To the best of our knowledge, no previous studies have evaluated the association between energy intake and the mid-term prognosis of elderly patients with HF. Ill patients, including those with HF, often have energy needs that are greater than expected based on their body composition [36]. The Harris–Benedict equation (HBE) [10] is a classical predictor of basal energy expenditure [11]. Although the HBE is thought to underestimate energy requirements in elderly patients [12], the HBE may have just the right balance for assessing the energy requirements of elderly patients with HF.
Several previous observational surveys have shown that insufficient food intake is associated with adverse outcomes. Yoshida et al. found that inadequate food intake in relatively young patients with acute cardiac insufficiency increased mortality and HF rehospitalization rates. Hersberger et al. demonstrated that nutritional support for patients with HF reduced the risk of short-term (30-day) mortality [37]. The results of these studies support the conclusion that inadequate energy intake at discharge is associated with a poor prognosis and are in agreement with our findings among patients with HF.
There were no significant differences in readmission rates due to worsening HF between the two groups (the low-energy group and the high-energy group). The background of the patients enrolled in this study was approximately the same. Although there were no significant differences in age or NYHA classification/BNP/Hb levels/renal function at discharge between the two groups, both groups were very old, had low LVEF and poor renal function, and were hospitalized approximately two times on average for HF exacerbations. The patients in this study were considered to have late stage C to stage D HF and were more likely to have acute exacerbations of chronic HF due to factors other than energy intake, which would have resulted in a higher rehospitalization rate [38]. Therefore, we consider that the rehospitalization rate was not significantly different between the two groups.
This study has several limitations. It was an observational study, so some unmeasured variables might have influenced the outcomes. Additionally, it had a relatively small sample size and was conducted at a single center.
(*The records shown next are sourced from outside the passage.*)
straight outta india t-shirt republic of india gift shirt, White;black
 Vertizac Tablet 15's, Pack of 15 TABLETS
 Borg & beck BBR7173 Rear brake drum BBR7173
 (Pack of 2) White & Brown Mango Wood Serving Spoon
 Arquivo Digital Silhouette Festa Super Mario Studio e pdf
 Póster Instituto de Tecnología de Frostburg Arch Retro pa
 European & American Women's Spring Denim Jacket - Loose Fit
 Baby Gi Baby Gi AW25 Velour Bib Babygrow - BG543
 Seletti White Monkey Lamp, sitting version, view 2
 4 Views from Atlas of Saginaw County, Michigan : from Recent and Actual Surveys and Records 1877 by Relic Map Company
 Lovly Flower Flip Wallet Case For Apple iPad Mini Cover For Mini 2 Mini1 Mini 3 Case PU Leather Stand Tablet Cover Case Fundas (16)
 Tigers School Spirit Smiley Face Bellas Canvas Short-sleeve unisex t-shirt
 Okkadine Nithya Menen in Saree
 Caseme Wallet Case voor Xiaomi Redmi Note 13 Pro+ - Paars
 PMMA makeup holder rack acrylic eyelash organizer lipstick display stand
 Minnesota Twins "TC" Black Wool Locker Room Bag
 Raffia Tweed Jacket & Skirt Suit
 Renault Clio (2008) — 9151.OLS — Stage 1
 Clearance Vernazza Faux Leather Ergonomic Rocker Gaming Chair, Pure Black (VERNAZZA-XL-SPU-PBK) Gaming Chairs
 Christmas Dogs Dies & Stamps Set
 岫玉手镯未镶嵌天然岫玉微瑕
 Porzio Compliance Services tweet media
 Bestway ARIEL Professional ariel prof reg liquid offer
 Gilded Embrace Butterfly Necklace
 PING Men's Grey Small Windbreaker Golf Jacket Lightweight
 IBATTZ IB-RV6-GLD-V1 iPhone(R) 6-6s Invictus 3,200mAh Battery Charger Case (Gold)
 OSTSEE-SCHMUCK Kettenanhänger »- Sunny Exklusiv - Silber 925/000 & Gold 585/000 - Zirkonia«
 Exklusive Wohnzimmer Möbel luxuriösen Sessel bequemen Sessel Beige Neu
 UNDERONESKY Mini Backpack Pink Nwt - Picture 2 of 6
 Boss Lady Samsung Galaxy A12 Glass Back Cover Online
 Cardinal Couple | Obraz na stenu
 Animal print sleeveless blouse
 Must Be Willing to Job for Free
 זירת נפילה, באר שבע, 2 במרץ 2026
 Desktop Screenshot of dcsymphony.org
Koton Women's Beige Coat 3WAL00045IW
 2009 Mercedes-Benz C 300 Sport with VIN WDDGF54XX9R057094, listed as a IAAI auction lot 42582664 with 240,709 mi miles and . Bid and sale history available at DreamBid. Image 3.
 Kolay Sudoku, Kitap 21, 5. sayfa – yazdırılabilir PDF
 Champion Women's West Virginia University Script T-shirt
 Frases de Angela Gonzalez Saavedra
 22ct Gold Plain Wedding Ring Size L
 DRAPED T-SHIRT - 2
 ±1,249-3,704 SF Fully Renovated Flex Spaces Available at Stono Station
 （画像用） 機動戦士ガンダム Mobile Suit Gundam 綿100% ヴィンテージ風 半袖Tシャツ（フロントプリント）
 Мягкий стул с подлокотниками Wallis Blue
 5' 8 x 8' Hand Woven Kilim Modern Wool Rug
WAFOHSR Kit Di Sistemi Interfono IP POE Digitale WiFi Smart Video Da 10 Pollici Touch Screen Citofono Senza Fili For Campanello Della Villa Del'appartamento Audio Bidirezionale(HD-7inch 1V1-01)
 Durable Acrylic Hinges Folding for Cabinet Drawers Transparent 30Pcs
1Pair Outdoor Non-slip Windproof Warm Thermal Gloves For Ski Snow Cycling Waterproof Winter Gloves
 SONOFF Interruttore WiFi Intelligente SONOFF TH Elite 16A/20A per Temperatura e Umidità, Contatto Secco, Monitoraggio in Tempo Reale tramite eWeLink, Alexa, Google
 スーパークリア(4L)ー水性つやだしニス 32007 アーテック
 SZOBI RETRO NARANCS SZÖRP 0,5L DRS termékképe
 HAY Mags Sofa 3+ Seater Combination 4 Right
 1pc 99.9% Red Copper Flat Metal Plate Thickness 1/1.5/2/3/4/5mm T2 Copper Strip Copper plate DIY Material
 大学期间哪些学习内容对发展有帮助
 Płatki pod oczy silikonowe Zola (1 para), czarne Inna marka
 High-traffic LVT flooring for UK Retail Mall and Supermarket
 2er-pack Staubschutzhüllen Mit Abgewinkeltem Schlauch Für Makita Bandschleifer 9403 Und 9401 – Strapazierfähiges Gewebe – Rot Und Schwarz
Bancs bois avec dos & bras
The medications in this study did not include some new types of drugs, such as sodium glucose cotransporter 2 inhibitors (SGLT2i) or angiotensin receptor–neprilysin inhibitors (ARNi). This study is based on patient data obtained from 2018, so not all patients were taking these new types of drugs, and their impact does not need to be considered. Finally, we investigated energy intake only in the last three days before discharge, and changes in energy intake during hospitalization may have different implications.

5. Conclusions

In elderly patients with HF, the composite endpoint (all-cause mortality within one year and rehospitalization for worsening HF) did not differ significantly between the two groups diagnosed using the Harris–Benedict formula with regard to energy intake. On the other hand, inadequate energy intake diagnosed with the formula was associated with a higher incidence of all-cause mortality within one year in elderly HF patients. The monitoring of energy intake may therefore be useful in predicting mortality risk in elderly patients with HF, and the basal energy requirement derived from the Harris–Benedict equation may serve as an indicator for such monitoring. However, in the present study, no intervention using the Harris–Benedict formula for basal energy expenditure as a reference was performed, and further studies with interventions for energy intake are needed to verify whether it is a useful indicator for elderly patients with HF.

Author Contributions

Conceptualization, methodology, formal analysis, Writing—Original draft, project administration, A.T. (Akira Taruya); conceptualization, formal analysis, investigation, T.N.; formal analysis, investigation, S.O., M.T., M.K. and Y.S.; statistical analysis, K.W.; investigation, supervision, Y.I.; writing—review and editing, supervision, A.T. (Atsushi Tanaka). All authors have read and agreed to the published version of the manuscript.

Funding

This work was supported by JSPS KAKENHI Grant Number 19K17612 (Taruya). The funders had no role in the design and conduct of the study; collection, management, analysis, and interpretation of the data; preparation, review, or approval of the manuscript; or the decision to submit the manuscript for publication.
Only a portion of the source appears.